THE PROBLEM
Below this line is the material. Write out only its lines from the one containing "Then to select" through the one containing "If that didn't", both kept, exactly.

PROVIDED INFORMATION START

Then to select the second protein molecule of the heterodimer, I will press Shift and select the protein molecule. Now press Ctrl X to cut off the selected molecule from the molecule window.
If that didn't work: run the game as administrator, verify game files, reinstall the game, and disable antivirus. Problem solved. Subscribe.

PROVIDED INFORMATION END
PROVIDED INFORMATION START

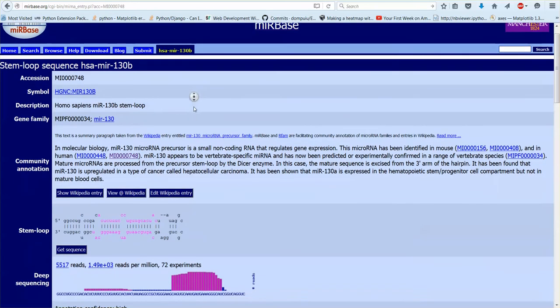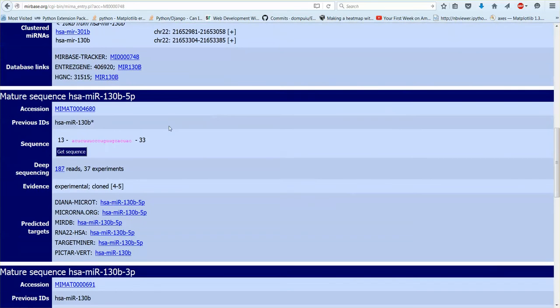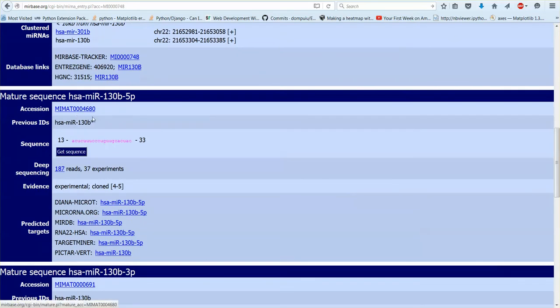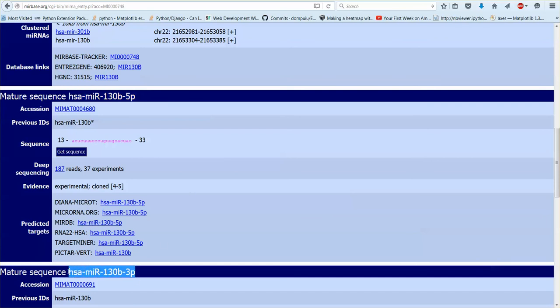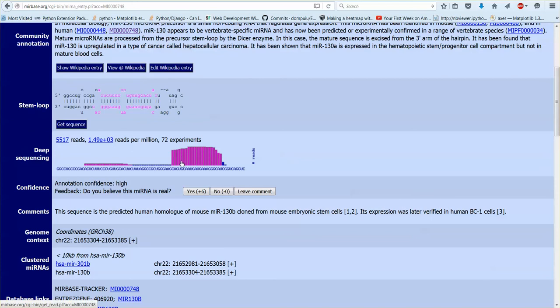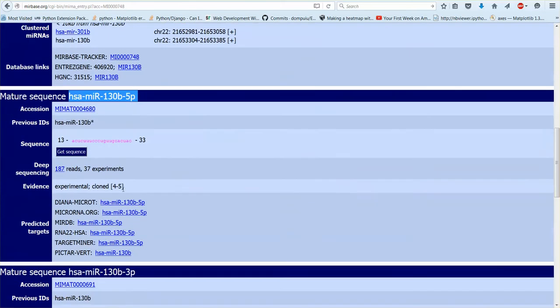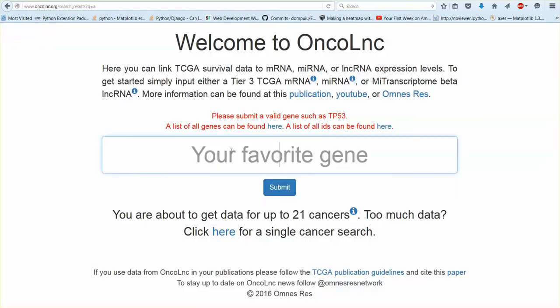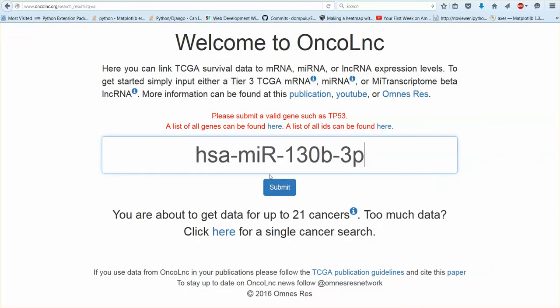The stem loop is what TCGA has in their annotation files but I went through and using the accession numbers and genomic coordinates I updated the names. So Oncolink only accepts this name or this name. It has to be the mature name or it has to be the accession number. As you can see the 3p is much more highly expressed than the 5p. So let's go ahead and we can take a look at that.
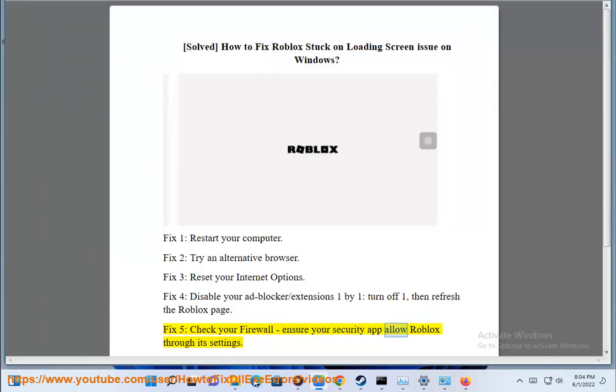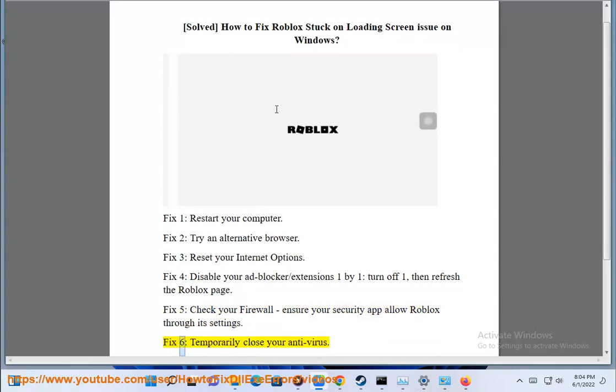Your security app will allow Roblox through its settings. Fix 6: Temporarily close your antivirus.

PROVIDED INFORMATION END

YOUR SOLUTION
Then to select the second protein molecule of the heterodimer, I will press Shift and select the protein molecule. Now press Ctrl X to cut off the selected molecule from the molecule window.
If that didn't work: run the game as administrator, verify game files, reinstall the game, and disable antivirus. Problem solved. Subscribe.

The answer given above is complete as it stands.